In Ancient Egypt, Ahmose-Henuttamehu (17th Dynasty, 1574 BC) was probably a daughter of Seqenenre Tao and Ahmose Inhapy. Smith reports that the mummy of Henuttamehu's own hair had been dyed a bright red at the sides, probably with henna. In Europe, henna was popular among women connected to the aesthetic movement and the Pre-Raphaelite artists of England in the 1800s. Dante Gabriel Rossetti's wife and muse, Elizabeth Siddal, had naturally bright red hair. Contrary to the cultural tradition in Britain that considered red hair unattractive, the Pre-Raphaelites fetishized red hair. Siddal was portrayed by Rossetti in many paintings that emphasized her flowing red hair. The other Pre-Raphaelites, including Evelyn De Morgan and Frederick Sandys, academic classicists such as Frederic Leighton, and French painters such as Gaston Bussière and the Impressionists, further popularized the association of henna-dyed hair and young bohemian women.

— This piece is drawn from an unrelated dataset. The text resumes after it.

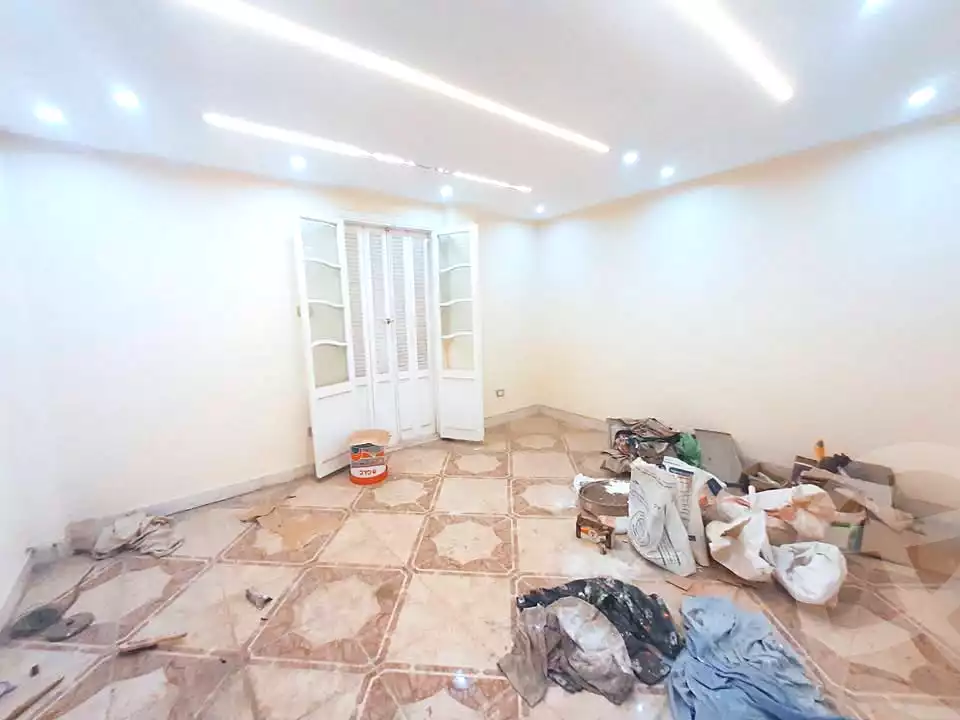 https://aqarmap.com.eg/ar/listing/6658545-for-sale-alexandria-ganaklis
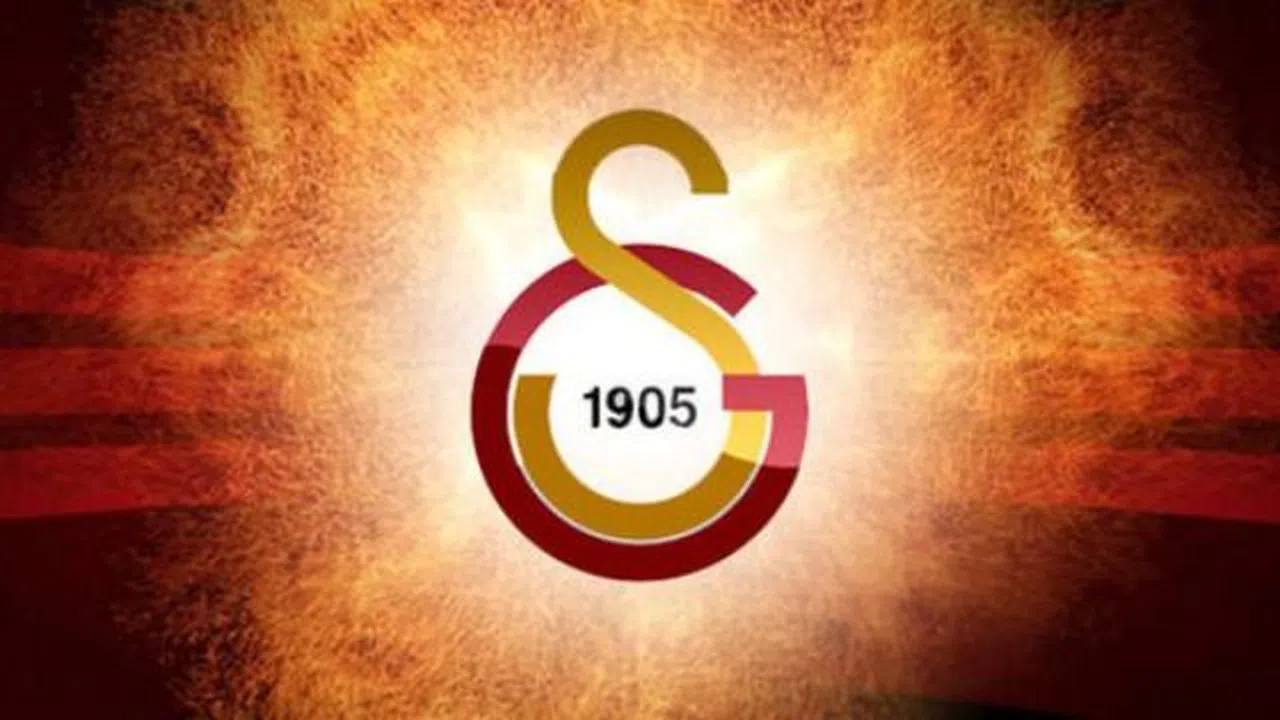 Galatasaray'ın Boluspor maçı kadrosunda Muslera yok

Opera singer Adelina Patti is sometimes credited with popularizing the use of henna in Europe in the late nineteenth century. Parisian courtesan Cora Pearl was often referred to as La Lune Rousse (the red-haired moon) for dyeing her hair red. In her memoirs, she relates an incident when she dyed her pet dog's fur to match her own hair. By the 1950s, Lucille Ball popularized "henna rinse" as her character, Lucy Ricardo, called it on the television show I Love Lucy. It gained popularity among young people in the 1960s through a growing interest in Eastern cultures.

Commercially packaged henna, intended for use as a cosmetic hair dye, originated in ancient Egypt and the ancient Near East and is now popular in many countries in South Asia, Europe, Australia, and North America. The color that results from dyeing with henna depends on the original color of the hair, as well as the quality of the henna, and can range from orange to auburn to burgundy. Henna can be mixed with other natural hair dyes, including Cassia obovata for lighter shades of red or even blond and indigo to achieve brown and black shades. Some products sold as "henna" include these other natural dyes. Others may include metal salts that can interact with other chemical treatments, oils and waxes that may inhibit the dye, or dyes which may be allergens.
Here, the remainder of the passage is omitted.